(Records begins)

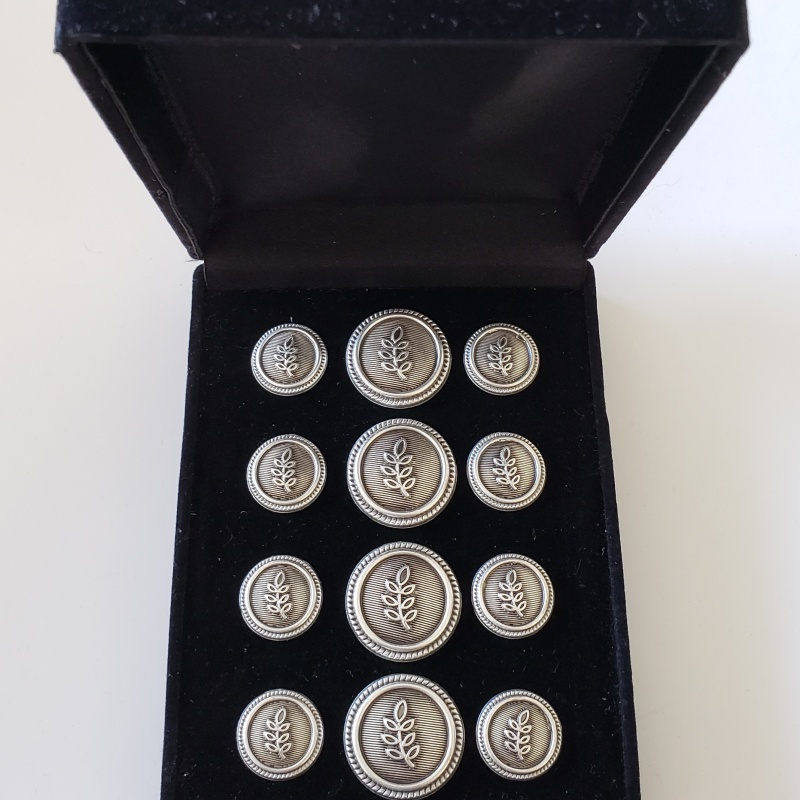 Blazer Jacket buttons acacia circular silver plated enamel Masonic Freemasonry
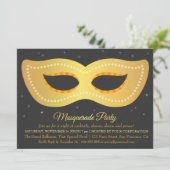 Glanzend namaak gouden ontwerp masker masquerade f kaart (Staand voorkant)
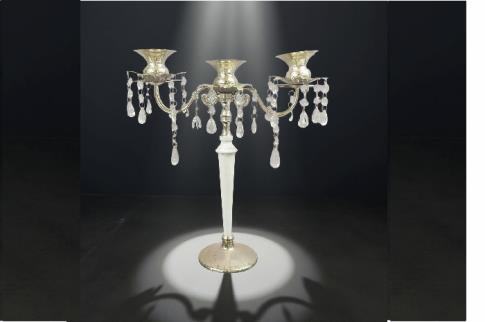 CANDELABROS Y PORTAVELAS | CANDELABRO/PORTAVELA METAL  31X11X42 BLANCO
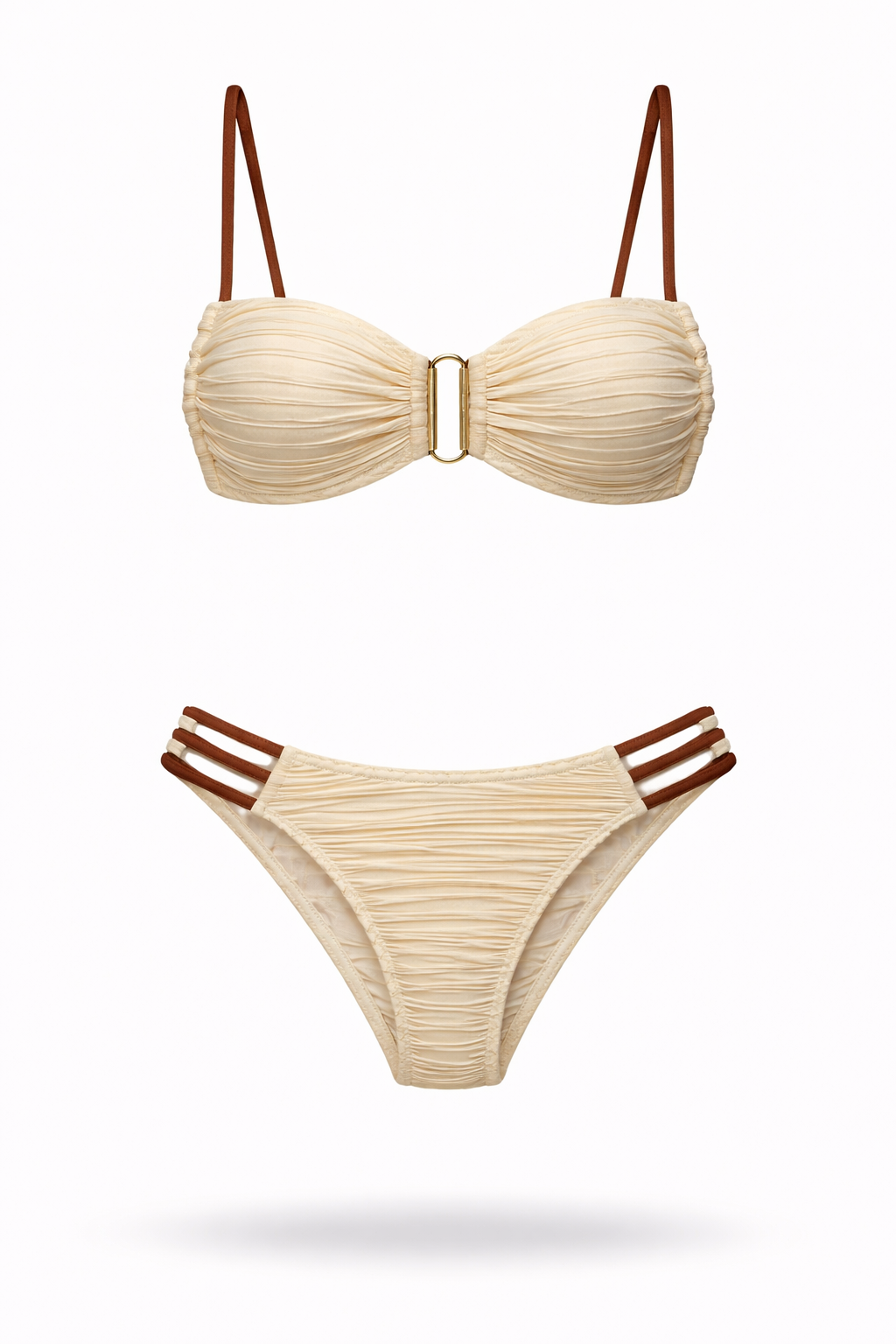 Biquíni Oceano Safira – Top Estruturado com Detalhe U e Calcinha Strappy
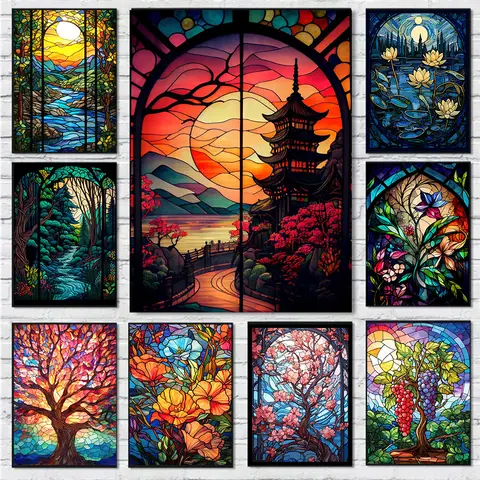 Colored Rose Window Landscape Diy 5d Round Diamond Painting Kits Embroidery Handmade Children's Gift Art Picture Home Decor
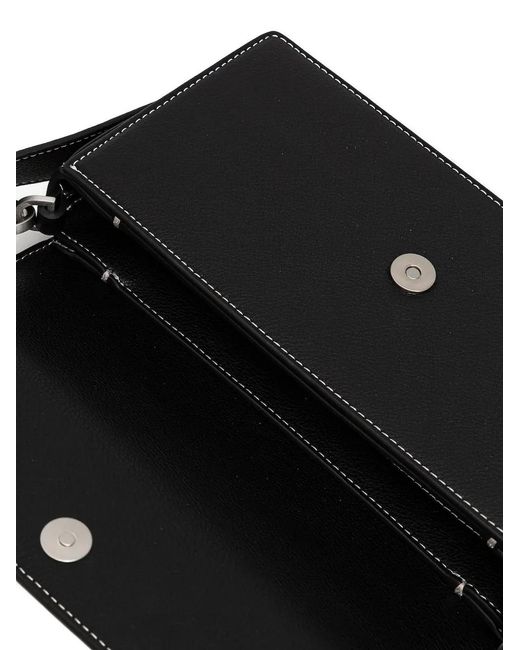 Karl Lagerfeld Black Logo-Plaque Contrast-Stitch Shoulder Bag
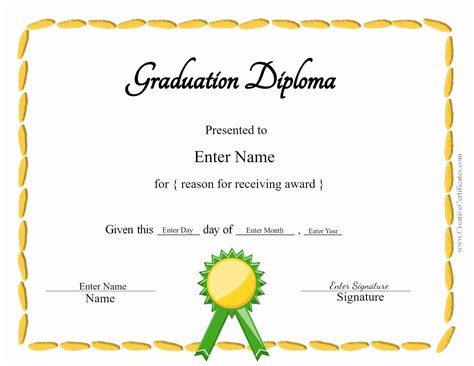 Free Customizable & Printable Diploma Template Regarding Fantastic ...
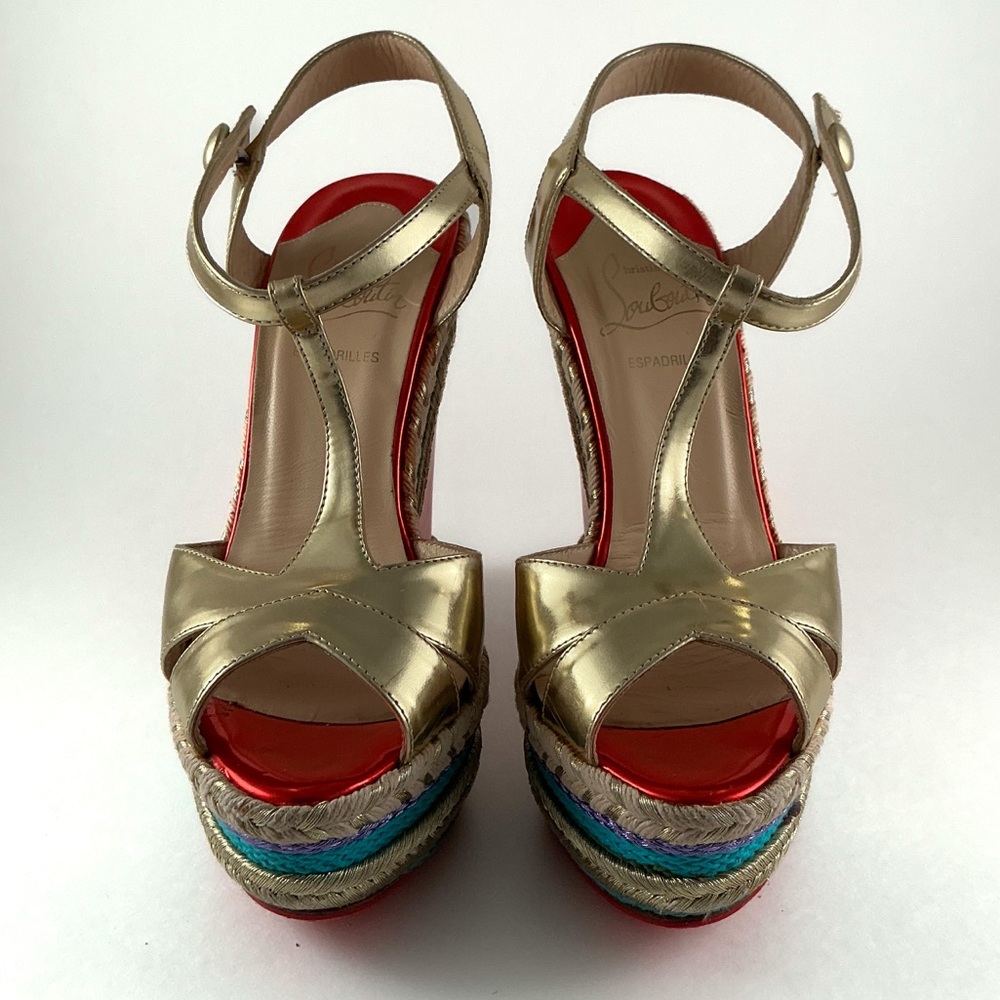 Christian Louboutin Trotolita Metallic Gold Wedge Sandals - Picture 2 of 11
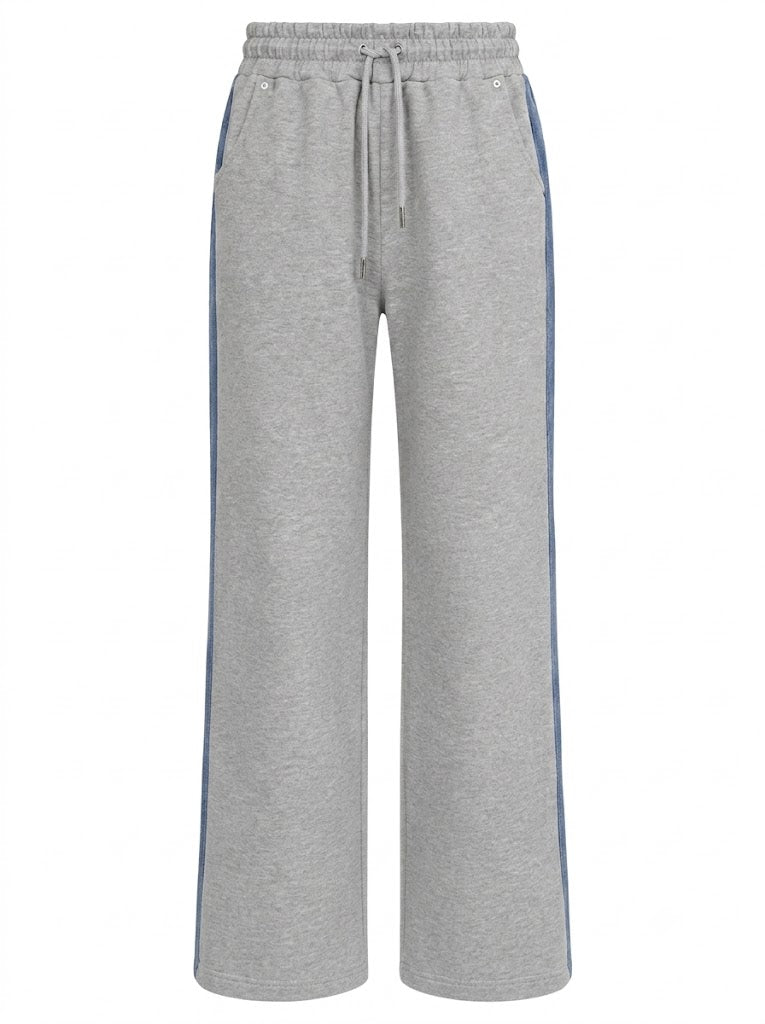 Grey-blue Comfort Denim sweatpants in denim and knit fabric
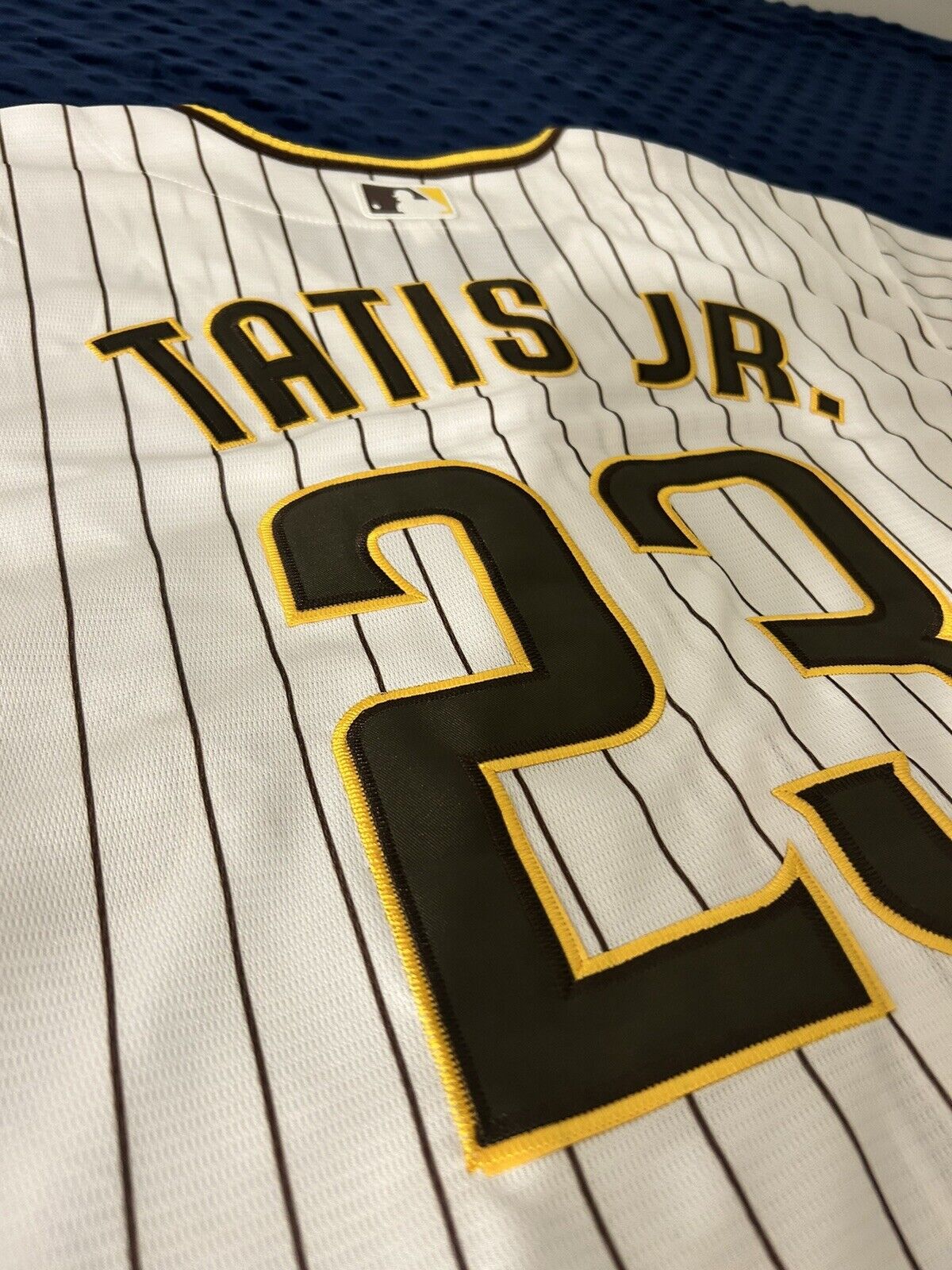 Men's Fernando Tatis Jr. San Diego Padres Tony Gwynn & Petco Park 20th Patch Vapor Premier Limited Pinstripe Jersey V3 Ã± All Stitched photo review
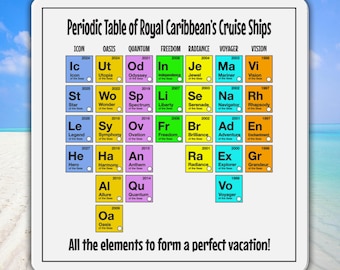 Periodic Table of Royal Caribbean Cruise Ships Die-Cut Magnet, 6"x 6" approx size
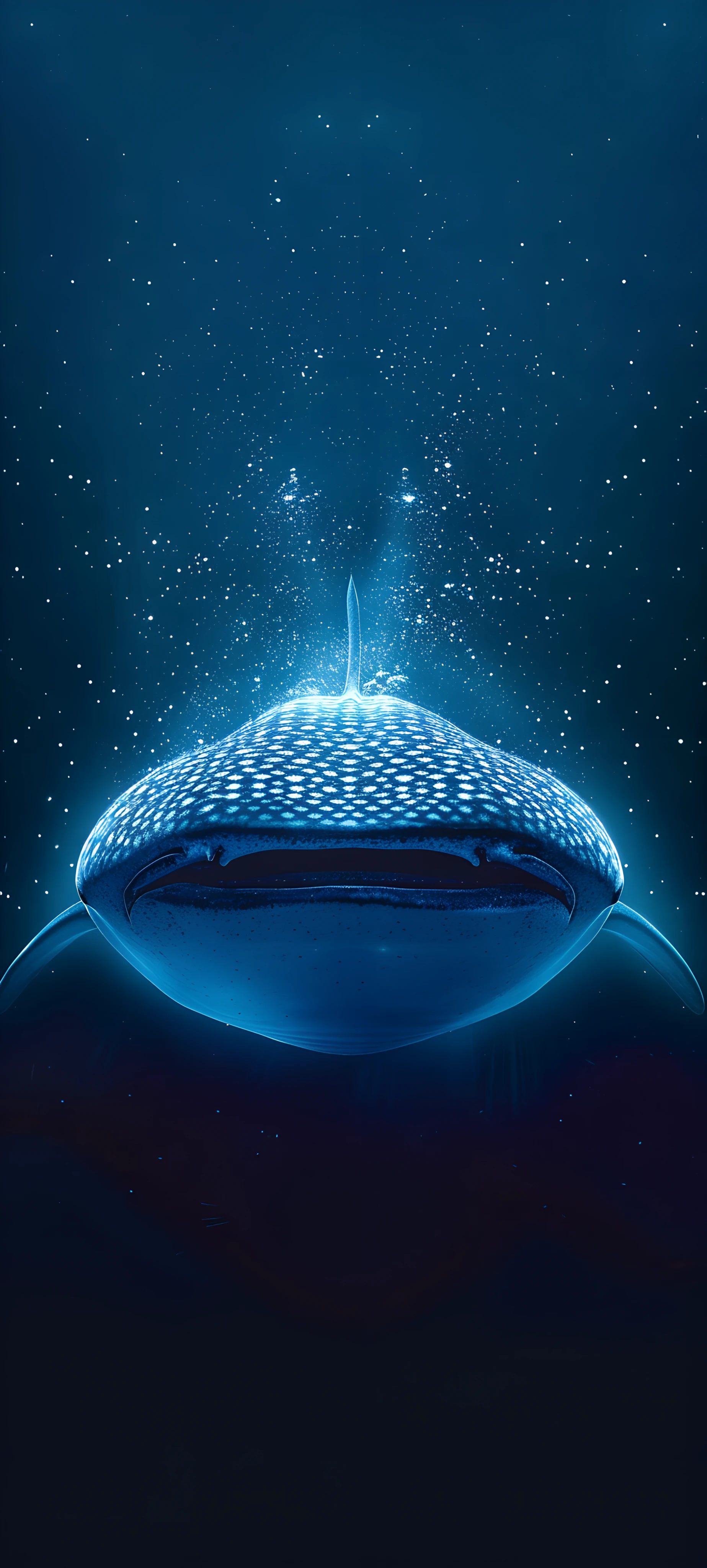futuristic architecture wallpaper — blue theme, fish, underwater, light particles (free 4K phone download)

(Records ends)

• **Exercise goal**
Reproduce exactly the lines above from the one with "Christian Louboutin Trotolita" through the last line of the data, keeping both ends and dropping the pictures.

• **Problem solution**
 Christian Louboutin Trotolita Metallic Gold Wedge Sandals - Picture 2 of 11
 Grey-blue Comfort Denim sweatpants in denim and knit fabric
 Men's Fernando Tatis Jr. San Diego Padres Tony Gwynn & Petco Park 20th Patch Vapor Premier Limited Pinstripe Jersey V3 Ã± All Stitched photo review
 Periodic Table of Royal Caribbean Cruise Ships Die-Cut Magnet, 6"x 6" approx size
futuristic architecture wallpaper — blue theme, fish, underwater, light particles (free 4K phone download)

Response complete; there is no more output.